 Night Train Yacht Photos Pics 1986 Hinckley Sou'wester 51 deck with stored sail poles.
==
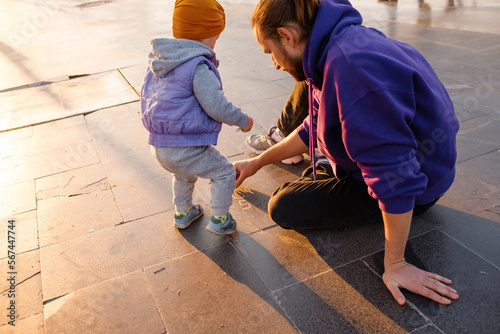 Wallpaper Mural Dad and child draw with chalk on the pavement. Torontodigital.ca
--
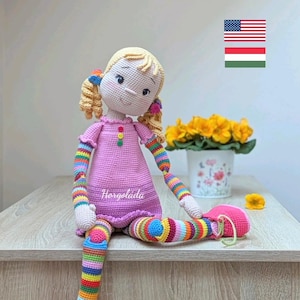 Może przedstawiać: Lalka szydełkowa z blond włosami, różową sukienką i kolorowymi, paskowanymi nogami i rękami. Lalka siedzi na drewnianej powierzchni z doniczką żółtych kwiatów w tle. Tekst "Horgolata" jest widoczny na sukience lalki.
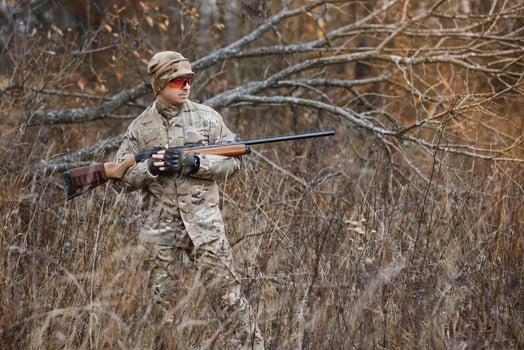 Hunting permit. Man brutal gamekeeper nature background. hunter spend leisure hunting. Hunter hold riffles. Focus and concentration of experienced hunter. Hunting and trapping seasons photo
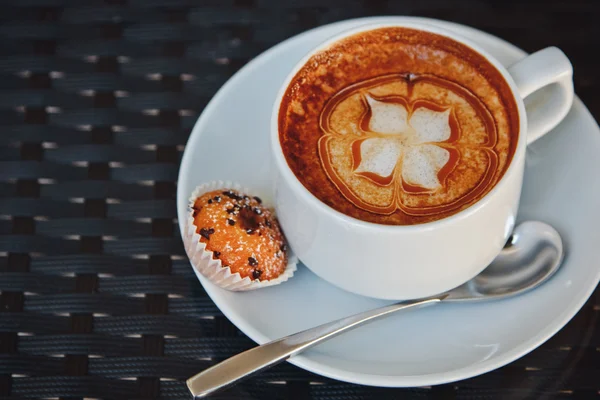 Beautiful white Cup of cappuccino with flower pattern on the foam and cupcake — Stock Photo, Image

* **What you have to do**
Could you write out exactly the lines of the data above that run from the one holding "Hunting permit. Man" to the one holding "Beautiful white Cup", with both ends in and all pictures out?

* **Worked solution**
 Hunting permit. Man brutal gamekeeper nature background. hunter spend leisure hunting. Hunter hold riffles. Focus and concentration of experienced hunter. Hunting and trapping seasons photo
 Beautiful white Cup of cappuccino with flower pattern on the foam and cupcake — Stock Photo, Image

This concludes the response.